* **Exercise directions**
Once you find the line with "ARRIS SURFboard SBG8300" in the entries below, return exactly every line from it through the line with "Pokoj s balkónem se sprchou pro 2 os.".
☆ ☆ ☆ ☆
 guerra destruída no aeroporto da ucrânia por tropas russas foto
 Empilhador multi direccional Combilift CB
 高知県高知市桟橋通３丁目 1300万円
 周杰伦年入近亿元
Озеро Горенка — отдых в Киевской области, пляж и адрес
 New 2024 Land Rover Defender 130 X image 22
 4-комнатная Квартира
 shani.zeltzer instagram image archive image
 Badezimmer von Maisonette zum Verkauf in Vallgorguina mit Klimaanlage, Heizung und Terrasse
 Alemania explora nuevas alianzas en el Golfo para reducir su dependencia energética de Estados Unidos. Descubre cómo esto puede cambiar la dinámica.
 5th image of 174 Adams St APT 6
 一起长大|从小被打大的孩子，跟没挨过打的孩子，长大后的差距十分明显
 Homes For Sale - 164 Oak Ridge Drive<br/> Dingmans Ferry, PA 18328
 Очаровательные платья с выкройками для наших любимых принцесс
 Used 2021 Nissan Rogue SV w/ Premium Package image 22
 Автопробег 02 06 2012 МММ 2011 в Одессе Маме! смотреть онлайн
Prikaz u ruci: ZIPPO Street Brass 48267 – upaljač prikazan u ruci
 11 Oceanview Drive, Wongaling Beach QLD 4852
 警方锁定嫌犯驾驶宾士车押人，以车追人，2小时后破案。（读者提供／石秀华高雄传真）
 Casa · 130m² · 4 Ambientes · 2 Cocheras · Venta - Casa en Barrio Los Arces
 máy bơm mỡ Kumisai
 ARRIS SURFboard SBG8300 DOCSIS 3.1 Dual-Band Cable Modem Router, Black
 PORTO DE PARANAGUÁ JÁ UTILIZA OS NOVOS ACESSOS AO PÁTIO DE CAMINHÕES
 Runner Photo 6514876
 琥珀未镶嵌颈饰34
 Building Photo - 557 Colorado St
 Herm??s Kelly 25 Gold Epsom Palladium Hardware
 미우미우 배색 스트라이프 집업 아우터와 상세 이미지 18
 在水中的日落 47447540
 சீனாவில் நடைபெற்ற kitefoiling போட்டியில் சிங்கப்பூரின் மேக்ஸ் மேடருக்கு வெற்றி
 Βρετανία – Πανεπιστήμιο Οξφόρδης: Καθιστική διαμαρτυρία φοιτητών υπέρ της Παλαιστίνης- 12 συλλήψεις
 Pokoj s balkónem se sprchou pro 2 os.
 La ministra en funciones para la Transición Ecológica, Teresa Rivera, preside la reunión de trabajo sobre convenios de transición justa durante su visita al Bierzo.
☆ ☆ ☆ ☆
* **Answer box**
 ARRIS SURFboard SBG8300 DOCSIS 3.1 Dual-Band Cable Modem Router, Black
 PORTO DE PARANAGUÁ JÁ UTILIZA OS NOVOS ACESSOS AO PÁTIO DE CAMINHÕES
 Runner Photo 6514876
 琥珀未镶嵌颈饰34
 Building Photo - 557 Colorado St
 Herm??s Kelly 25 Gold Epsom Palladium Hardware
 미우미우 배색 스트라이프 집업 아우터와 상세 이미지 18
 在水中的日落 47447540
 சீனாவில் நடைபெற்ற kitefoiling போட்டியில் சிங்கப்பூரின் மேக்ஸ் மேடருக்கு வெற்றி
 Βρετανία – Πανεπιστήμιο Οξφόρδης: Καθιστική διαμαρτυρία φοιτητών υπέρ της Παλαιστίνης- 12 συλλήψεις
 Pokoj s balkónem se sprchou pro 2 os.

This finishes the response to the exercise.